Mon premier patient est un vieillard de Dune-du-Sud, habillé de pied en cap, comme si l’automne allait nous tomber dessus d’une minute à l’autre. Bien que j’aie eu l’occasion depuis une semaine de me faire à l’accent madelinot, je ne comprends à peu près rien de ce qu’il raconte. Les voyelles, les consonnes palpitent dans une bouillie gutturale, dépourvue de R, sur laquelle surnagent des mots anglais inconnus en Montérégie. L’homme, dont les prothèses dentaires me paraissent bien arrimées, n’en continue pas moins de discourir, me pointe son abdomen d’une main maigre mais large comme une raquette de badminton. Je saisis le mot djiabe, de même que godême, sorte de sacre passe-partout dont j’ai déjà observé, dans le parler des insulaires, la fonction lubrifiante. Au bout de deux minutes, je lève les mains et décrète une trêve. Je réquisitionne une infirmière, l’amène dans la salle d’examen et demande : « Qu’est-ce qu’il dit? » Le vieillard reprend la description de son mal, en s’adressant cette fois à sa compatriote, une petite blonde sérieuse en diable qui l’écoute attentivement avant de me livrer sa traduction ou plutôt son verdict : « Je comprends rien en toute, je viens pas du même canton. »
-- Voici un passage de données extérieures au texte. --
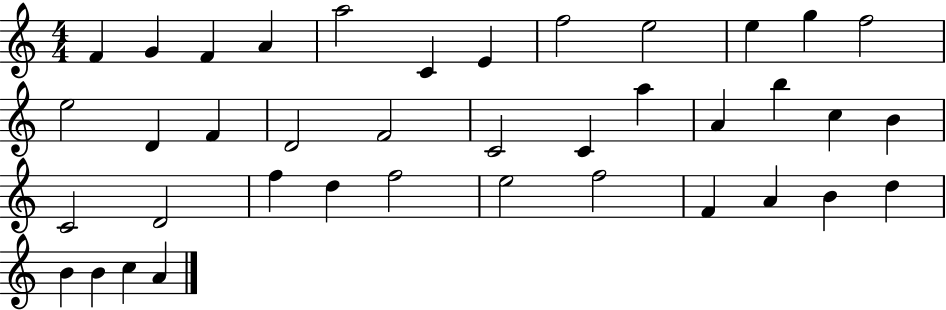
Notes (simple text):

F4/q G4/q F4/q A4/q A5/h C4/q E4/q F5/h E5/h E5/q G5/q F5/h E5/h D4/q F4/q D4/h F4/h C4/h C4/q A5/q A4/q B5/q C5/q B4/q C4/h D4/h F5/q D5/q F5/h E5/h F5/h F4/q A4/q B4/q D5/q B4/q B4/q C5/q A4/q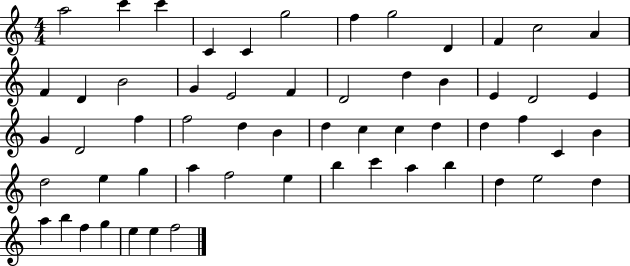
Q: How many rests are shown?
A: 0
Après quelques secondes de flottement, un sourire me rassure : elle m’a bien attrapé. Plus que de la richesse de leurs accents locaux, je suis en présence d’un trait essentiel des Madelinots, l’humour. Est-ce un reflet de l’ancestrale nécessité de se divertir sur une terre aride, coupée du monde? Un relent de la domination britannique, d’abord marquée par la déportation de 1755, puis par la mainmise des seigneurs et des commerçants anglophones sur la vie économique de l’archipel aux dix-huitième et dix-neuvième siècles? Un effet de l’enfermement bicentenaire dans une culture insulaire, unique, à cheval entre l’Acadie, le Québec et les Maritimes? Dans ce microcosme humain où les dires et les agirs circulent et se transforment sous la forme de rumeurs, d’histoires, de légendes, chaque personne, forcément, devient un personnage.